Your competition is human, and that means that, even though may have certain skills or advantages, they can be beaten. What really wins deals are the ideas, the people, and the passion that your dream clients know will help them produce the results that need.
Here are two ways you can beat your competitors.
Outthink Them
Read. Read. And then read more. If you want to become more valuable to your company and your clients, there isn’t much that you can do that will have a more immediate and dramatic impact on your sales results and your ability to create value for your clients than reading.
Reading improves your thinking. It gives you a base of knowledge you can draw on for the ideas that will create value. Reading narrowly will give you the knowledge you need to sell well and to understand your business. Reading widely will help you gain the knowledge and the ideas that, even though the subject you are reading about isn’t directly related to what you sell or your client’s business, will help you to access your resourcefulness and generate ideas and solutions.
Reading is the fastest way to gain the business acumen you need to differentiate yourself and to be someone worth buying from.
Reading is the key to outthinking your competition.
Outwork Them
No matter how big or fierce the competitor, they can be beaten. Self-discipline and the work ethic that creates a real competitive advantage.
The ability to take action and to do what must be done—even what needs doing isn’t urgent—is what separates the true professionals from the bottom 80%.

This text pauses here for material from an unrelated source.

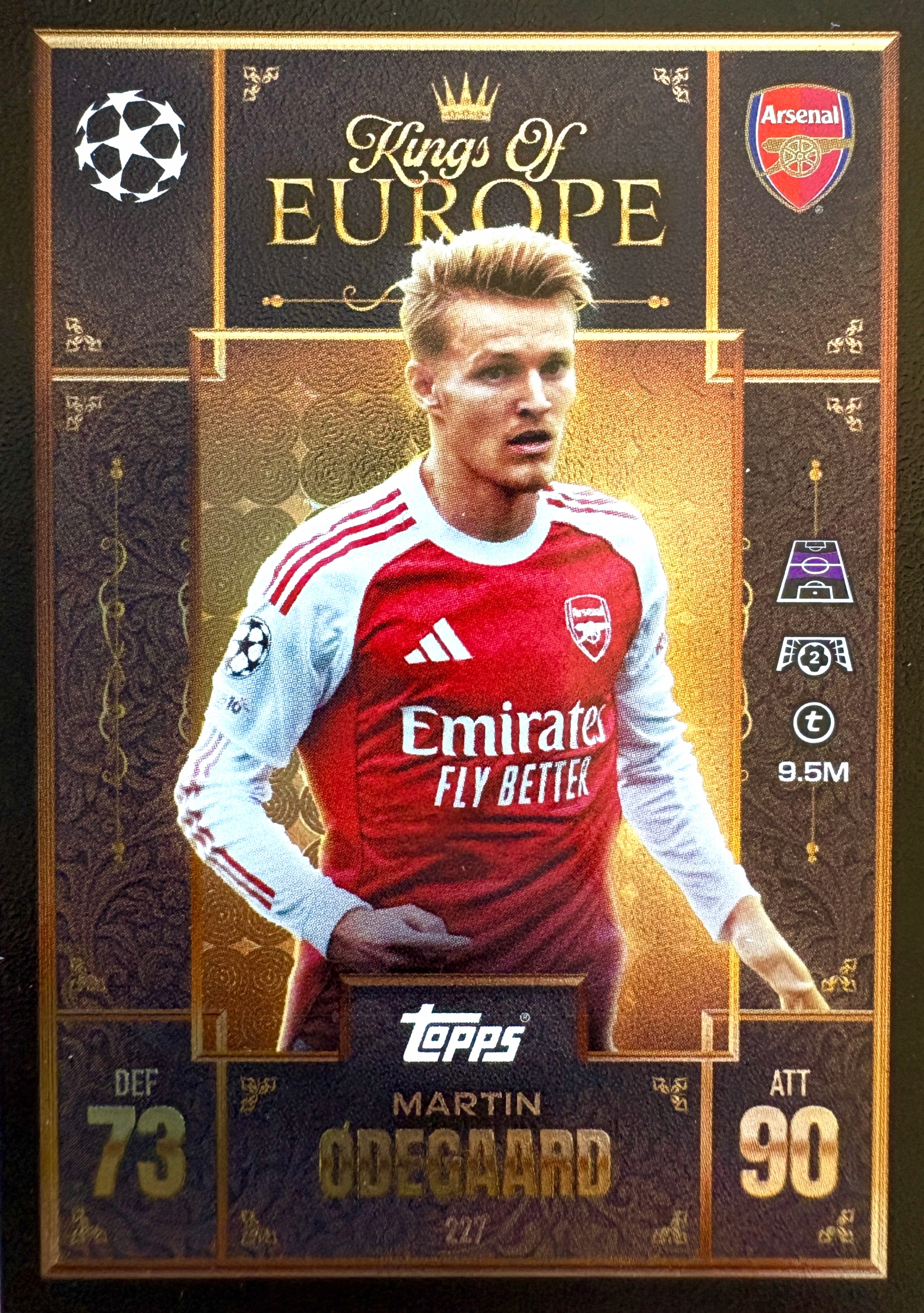 Topps Match Attax Extra 2025/26 2026 Kings of Europe 227 Martin Odegaard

Outworking your competitors means being willing to prospect, even when you have live deals in your pipeline that demand some of your time and attention. Outworking your competition means making the choice to act, even when it is difficult to take the action that you know needs to be taken. It’s following a sales process, even though it requires you to do the real heavy lifting that lots of salespeople would rather avoid. It means settling into the role of plow horse and abandoning the idea that the show horse is somehow better.

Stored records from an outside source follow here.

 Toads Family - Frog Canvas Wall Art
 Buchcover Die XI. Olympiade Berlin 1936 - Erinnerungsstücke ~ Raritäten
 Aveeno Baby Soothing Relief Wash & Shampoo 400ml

There is nothing standing between you and outworking your competition other than your willingness to do what must be done. Most of your competitors won’t go where you are willing to go, if you are willing to do the lonely roadwork by yourself while your competitors are still sleeping.
Be a Better Salesperson
Your personal and professional development is your responsibility alone. You can decide for yourself that you are going to be a better salesperson than those that you compete against.
You alone can decide to take your thinking to another level and stay up a few hours late reading and taking notes on what you learned. You can apply your knowledge and your thinking to your dream client’s problems, drawing on all of the ideas and knowledge that your reading has provided you.
You also decide if you are willing to outwork you competitors. You can at anytime pick up the phone and make the prospecting calls that need to be made while other salespeople spend hours on worthless RFP’s that allow them to tell themselves that they are really busy. You can trade the important for the urgent, focusing on generating long term results, even though it is more difficult and isn’t the glamorous work.
You can decide to follow the iron laws of sales, avoiding shortcuts, tips, tricks, gimmicks, and secrets and instead pursuing a more difficult path that leads to greater results. It’s harder work, but the likelihood of winning is far, far greater.
Questions
To outthink your competitors, what do you need to learn? What do you need to study and learn that will give you a competitive advantage? In what areas is your business acumen weak, and by shoring up that weakness you can make yourself a more competitive salesperson?
What should you be reading?
To outwork your competitors, what are the important—but not urgent—tasks that you should dedicate your time and energy to completing? What are the tasks that most salespeople avoid that are the most critical to success in sales? What are the choices that have to be made that most salespeople avoid making? What are the demands of a good sales process that must be met that increase your likelihood of winning that are easy to believe you can win without?
What should you be doing to outwork your competitors? What are you doing while they are sleeping?